Quickstart¶

Eager to get started? This page gives a good introduction in how to get started with newspaper. This assumes you already have newspaper installed. If you do not, head over to the Installation section.

Building a news source¶

Source objects are an abstraction of online news media websites like CNN or ESPN. You can initialize them in two different ways.

Building a Source will extract its categories, feeds, articles, brand, and description for you.

You may also provide configuration parameters like language, browser_user_agent, and etc seamlessly. Navigate to the advanced section for details.

>>> import newspaper
>>> cnn_paper = newspaper.build('http://cnn.com')

>>> sina_paper = newspaper.build('http://www.lemonde.fr/', language='fr')

However, if needed, you may also play with the lower level Source object as described in the advanced section.

Extracting articles¶

Every news source has a set of recent articles.

The following examples assume that a news source has been initialized and built.
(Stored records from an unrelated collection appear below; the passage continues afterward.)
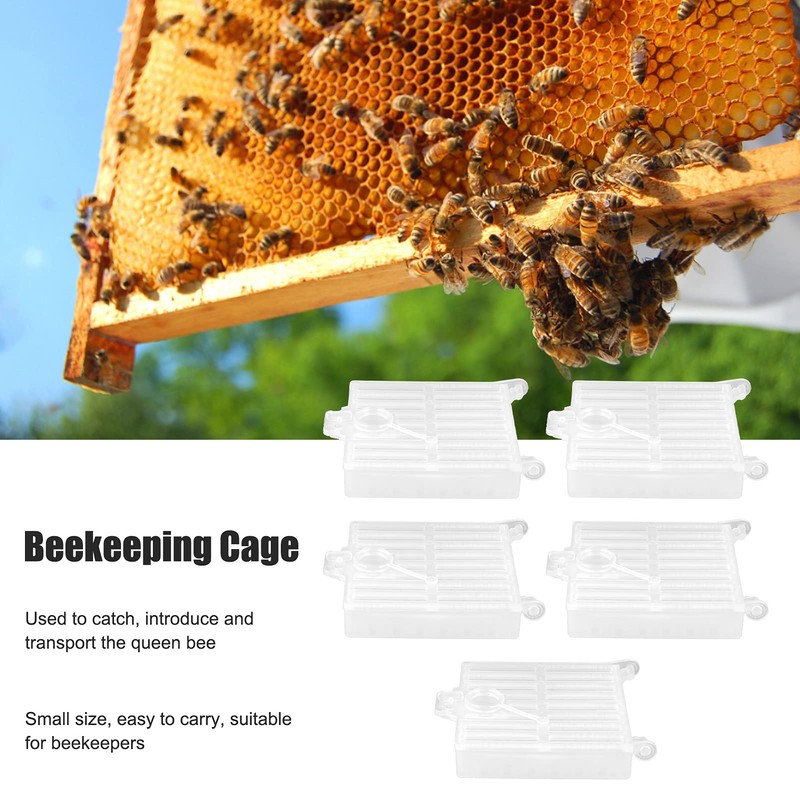 Duokon Pack of 5 Queen Bee Cages, Plastic Bee Queen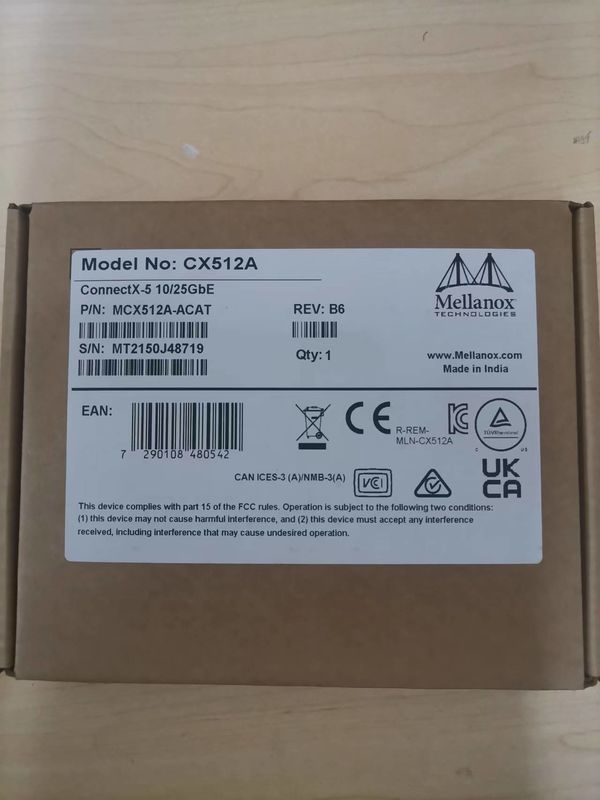 MCX512A-ACAT Mellanox ConnectX-5 EN Ağ Arayüz Kartı 10/25GbE Çift Port SFP28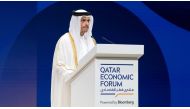 Prime Minister and Minister of Foreign Affairs H E Sheikh Mohammed bin Abdulrahman bin Jassim Al Thani addressing the gathering.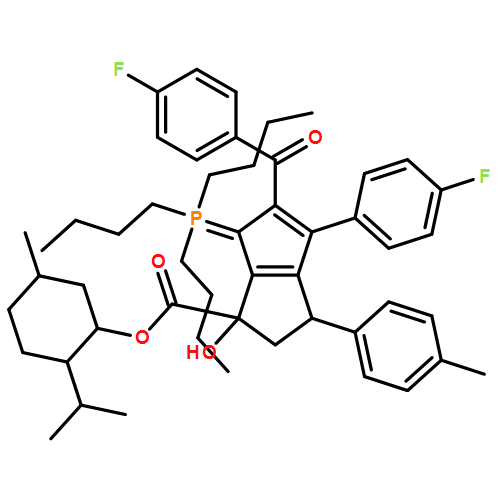 1-Pentalenecarboxylic acid, 5-(4-fluorobenzoyl)-4-(4-fluorophenyl)-1,2,3,6-tetrahydro-1-hydroxy-3-(4-methylphenyl)-6-(tributylphosphoranylidene)-, (1R,2S,5R)-5-methyl-2-(1-methylethyl)cyclohexyl ester, (1S,3S)-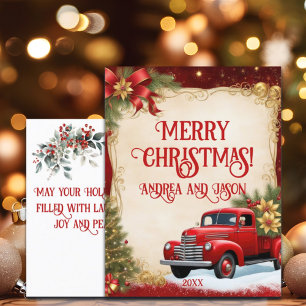 Cartão Postal Vintage Red Car Dourada Glitter Winter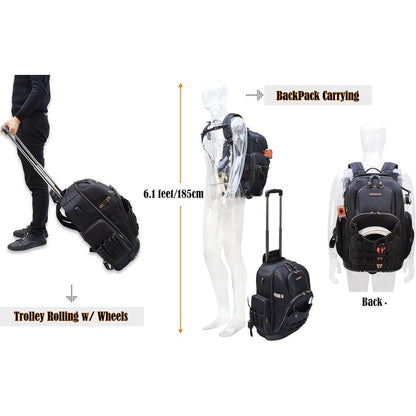 Werkzeugrucksack mit Rollen, 72 Taschen, Schwarz/Orange, L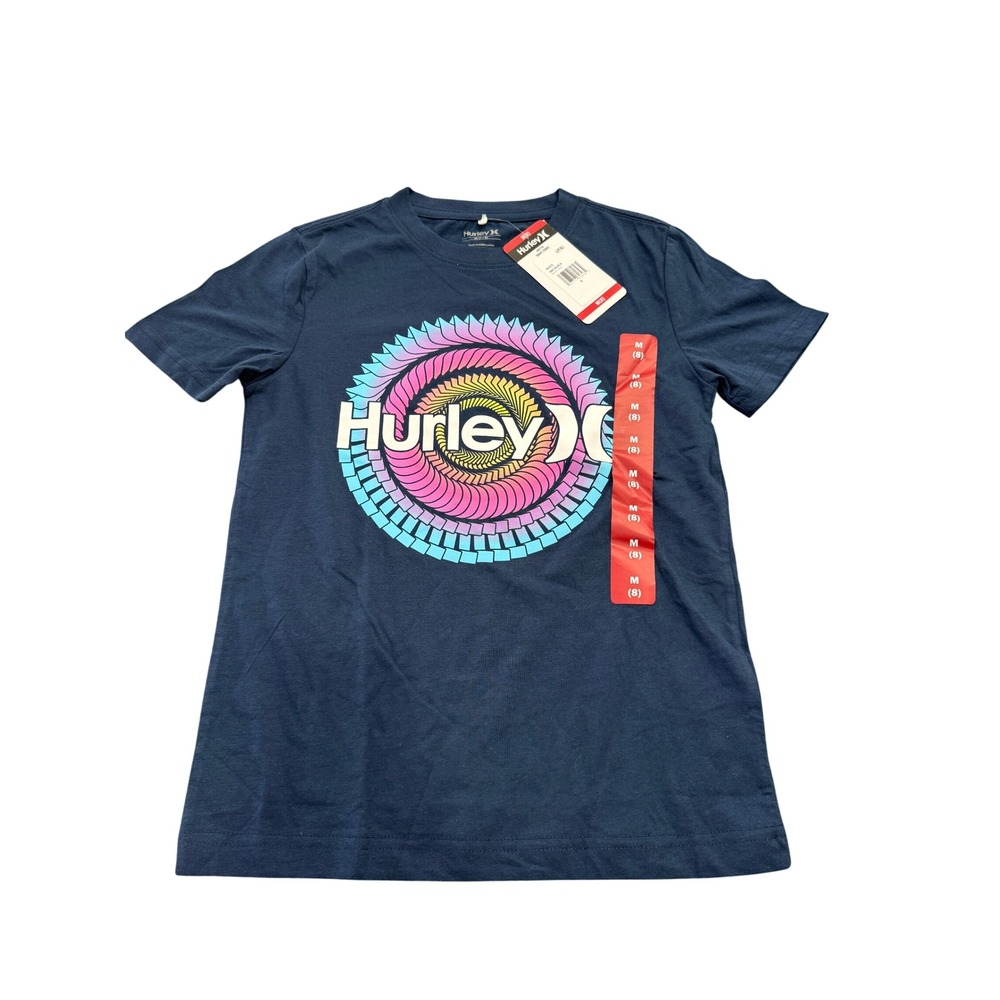 Hurley Boys Night Force Navy Blue Graphic Logo Short Sleeve Tee Shirt M 8 NEW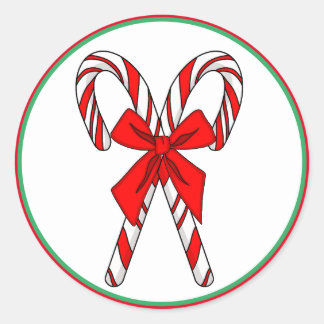 Candy Canes and Bow Christmas Classic Round Sticker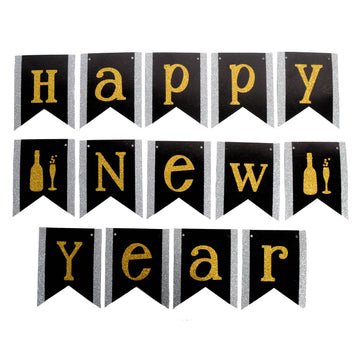 Happy New Year Banner (Glitter Champagne)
>>> for article in cnn_paper.articles:
>>>     print(article.url)

u'http://www.cnn.com/2013/11/27/justice/tucson-arizona-captive-girls/'
u'http://www.cnn.com/2013/12/11/us/texas-teen-dwi-wreck/index.html'
...

>>> print(cnn_paper.size()) # cnn has 3100 articles
3100

Article caching¶

By default, newspaper caches all previously extracted articles and eliminates any article which it has already extracted.

This feature exists to prevent duplicate articles and to increase extraction speed.

>>> cbs_paper = newspaper.build('http://cbs.com')
>>> cbs_paper.size()
1030

>>> cbs_paper = newspaper.build('http://cbs.com')
>>> cbs_paper.size()
2

The return value of cbs_paper.size() changes from 1030 to 2 because when we first crawled cbs we found 1030 articles. However, on our second crawl, we eliminate all articles which have already been crawled.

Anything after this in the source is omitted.